YOUR OBJECTIVE:
Below are some records. Quote exactly the lines from the one that contains "Michael Jackson’s Wrongful" through the last, both included, and leave out the pictures.

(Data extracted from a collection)
==*==
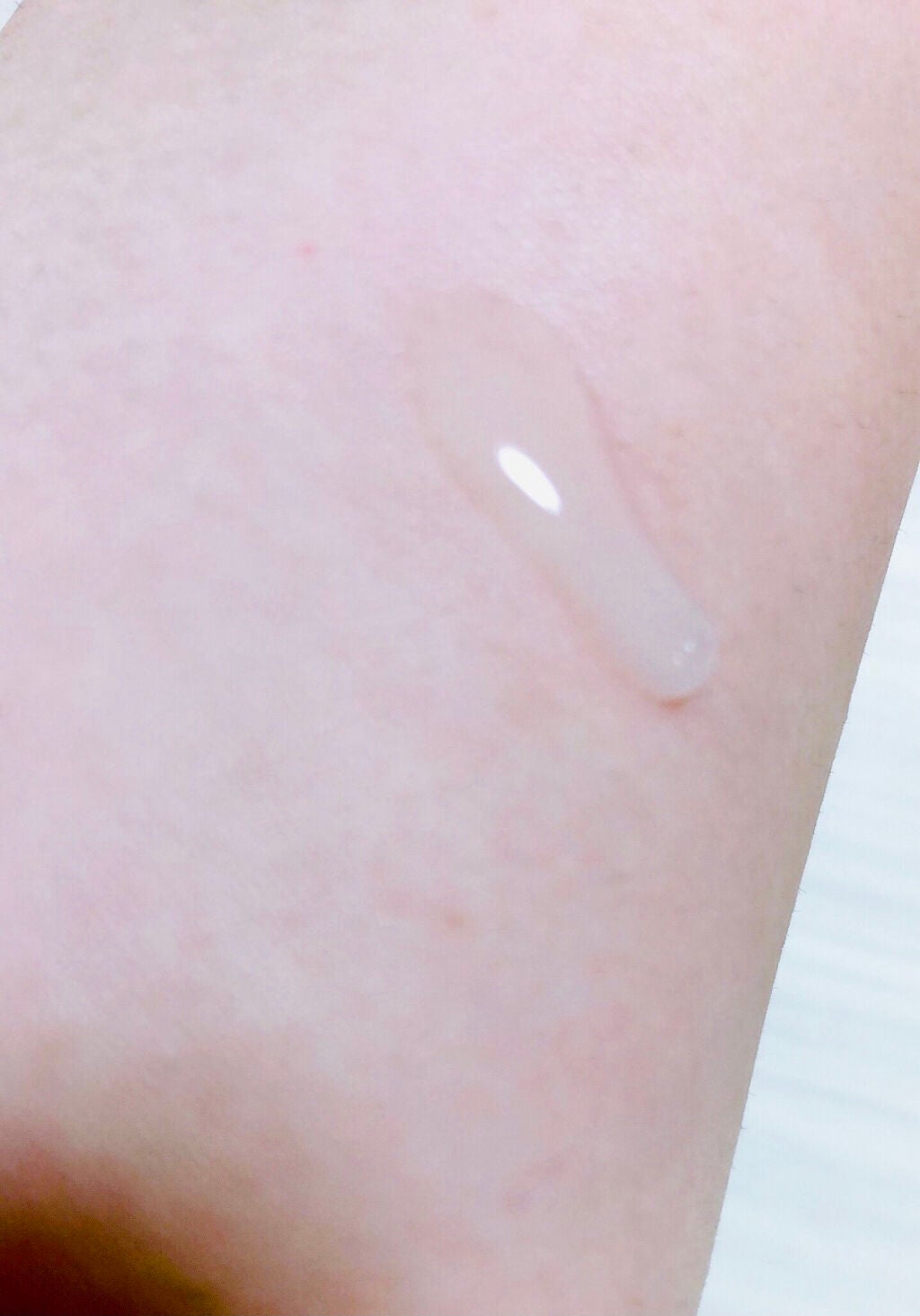 極潤α ハリ乳液/肌ラボ/乳液を使ったクチコミ(2枚目)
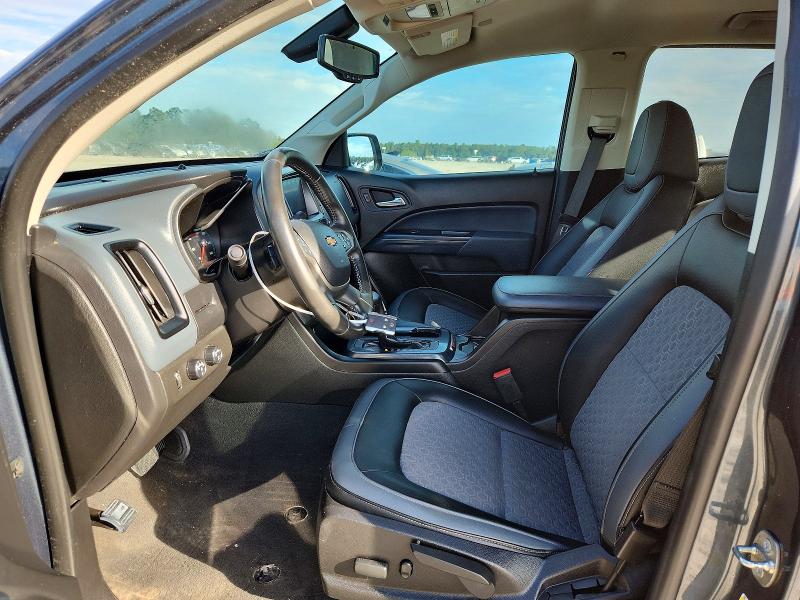 2020 Chevrolet Colorado მანქანა იყიდება აუქციონზე, vin: 1GCGTDEN8L1108706, აუქციონის ნომერი: 71774776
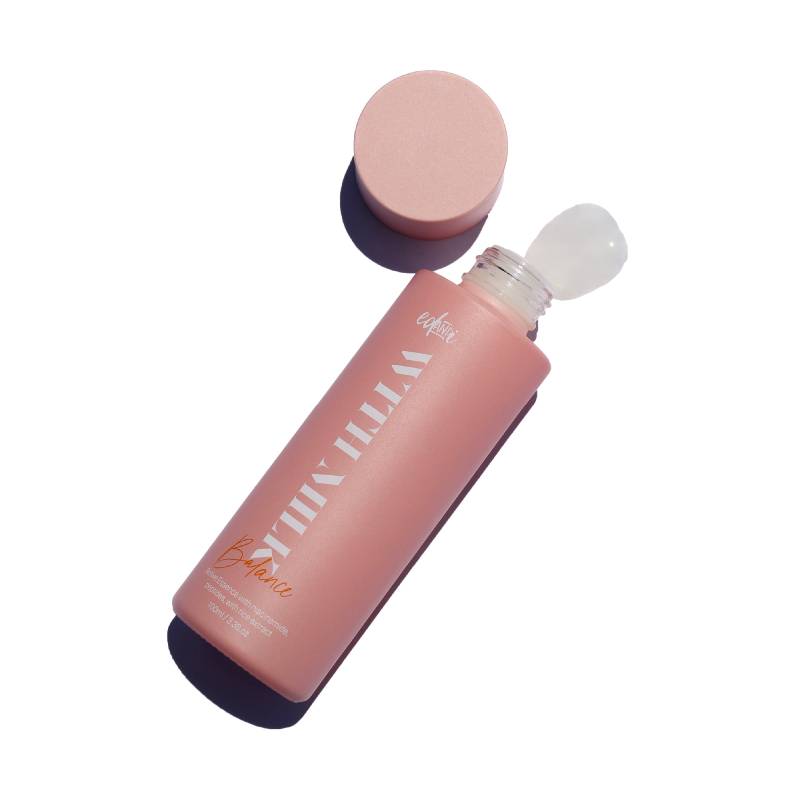 Ed&I With Milk Active Essence 100ml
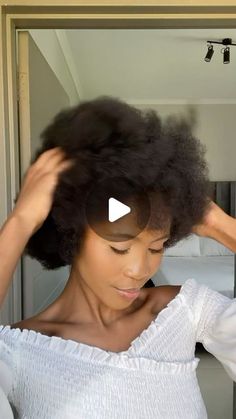 4c Natural Hairstyles Date Night, Finger Curls Natural Hair 4c, Flat Twist Out Natural Hair Short 4c, Fine Natural Hair Styles Black, Medium Length 4b Natural Hairstyles, Simple 4c Hairstyles, Natural Black Women Hairstyles, Elegant Natural Hairstyles Black, Long 4c Natural Hair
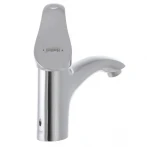 Змішувач для умивальника Haiba Mars 001 (HB0241)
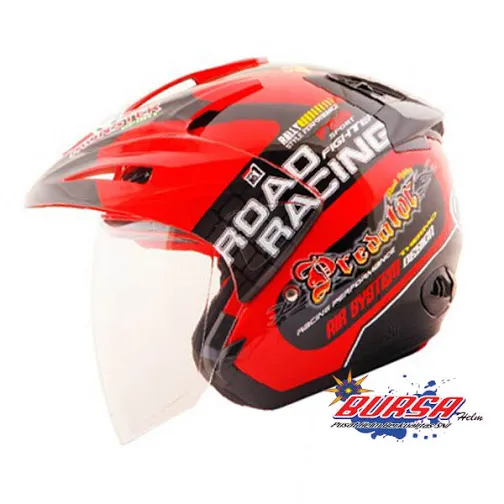 22882 nhk predator tarantula factor 1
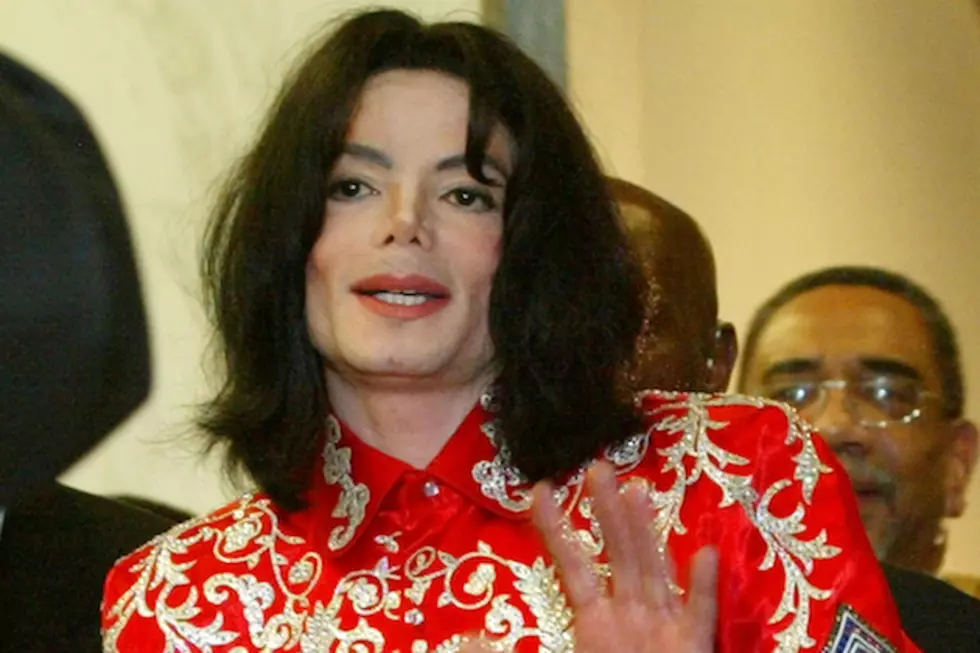 Michael Jackson’s Wrongful Death Trial Ends, Jury Finds AEG Live Not Negligent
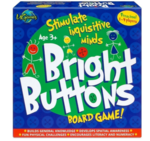 Bright Buttons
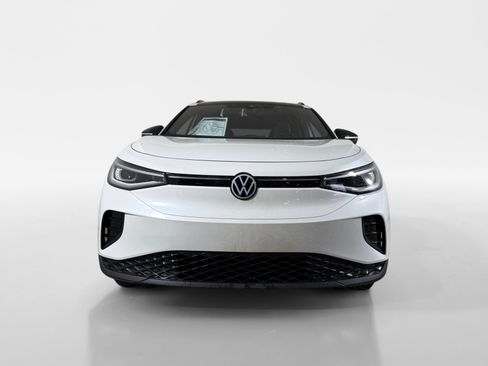 New 2026 Volkswagen ID.4 Pro S AWD/4WD image 10
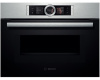 Встраиваемый духовой шкаф Bosch CMG636BS1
==*==
SOLUTION TO THE PROBLEM:
 Michael Jackson’s Wrongful Death Trial Ends, Jury Finds AEG Live Not Negligent
 Bright Buttons
 New 2026 Volkswagen ID.4 Pro S AWD/4WD image 10
 Встраиваемый духовой шкаф Bosch CMG636BS1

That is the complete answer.